<div style="background-color:rgb(255, 250, 240); padding:10px 0;  border: 1px solid lightgrey; padding-left: 1em; padding-right: 1em;">
    
# Binder Tutorial Workflow

### <font color='red'>To begin: Click 'Run' on the toolbar (or shift-enter). Alternatively click Kernel, Restart and Run All.</font> 

**Workflow:** This is a typical metabolomics data analysis of a binary classification outcome.
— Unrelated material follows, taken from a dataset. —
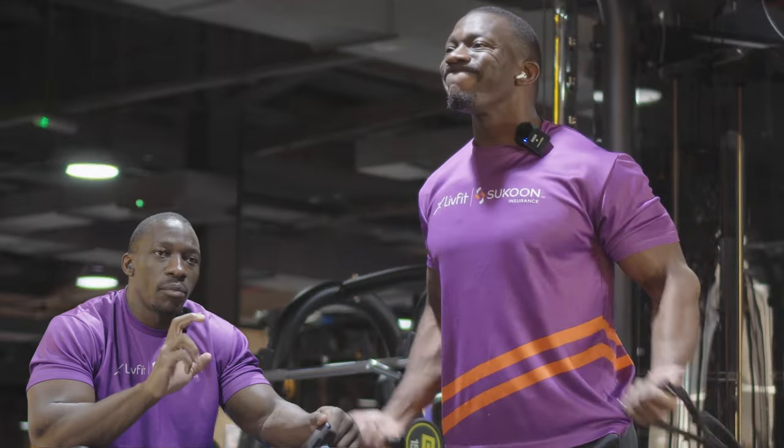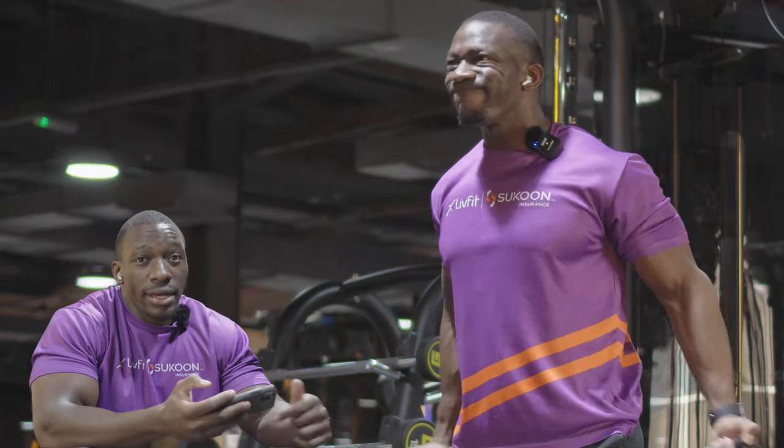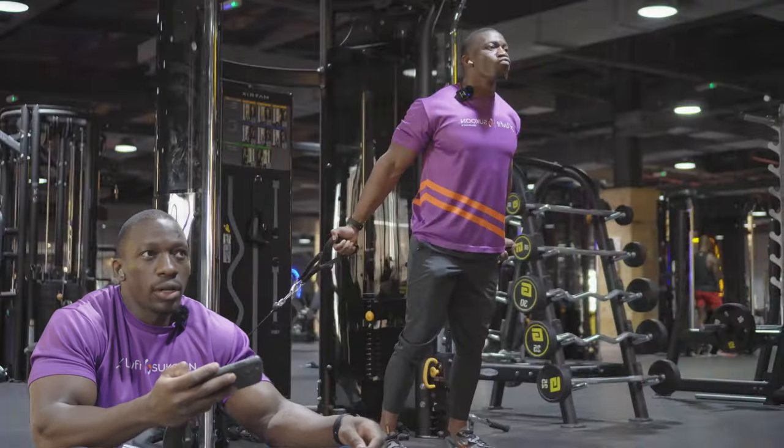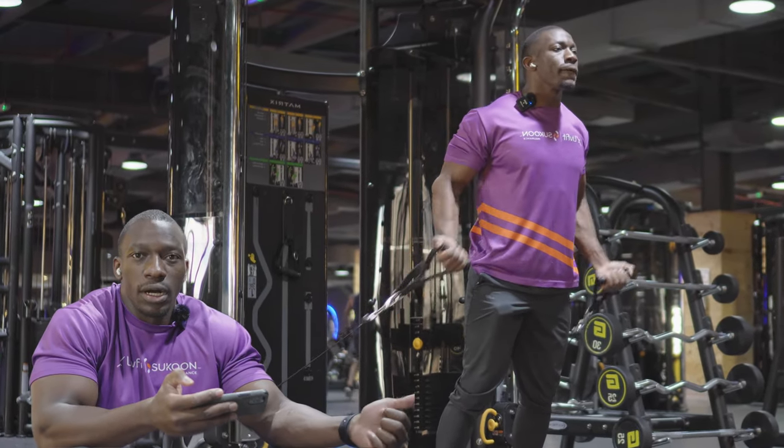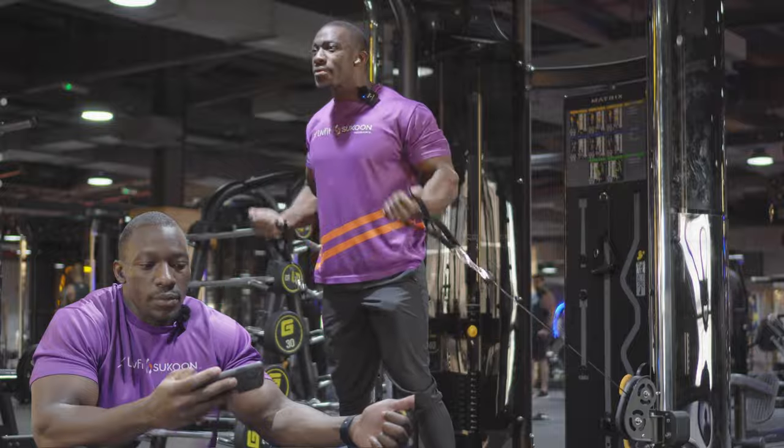There's constant tension on the muscles, so I think this is one exercise that a lot of people should include in their arm exercises if you want that pump look on your bicep.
The main steps included are: data import, QC-based data cleaning, PCA visualisation to check QC precision, univariate statistics, multivariate analysis using PLS-DA (including model optimisation, model calculation and visualisation, and feature selection), and results export.

**Dataset**: The dataset used for this tutorial has been previously published [REF] and deposited onto Metabolomics Workbench, http://www.metabolomicsworkbench.org, Project ID PR000699. The data can be accessed directly via its project DOI:10.21228/M8B10B. 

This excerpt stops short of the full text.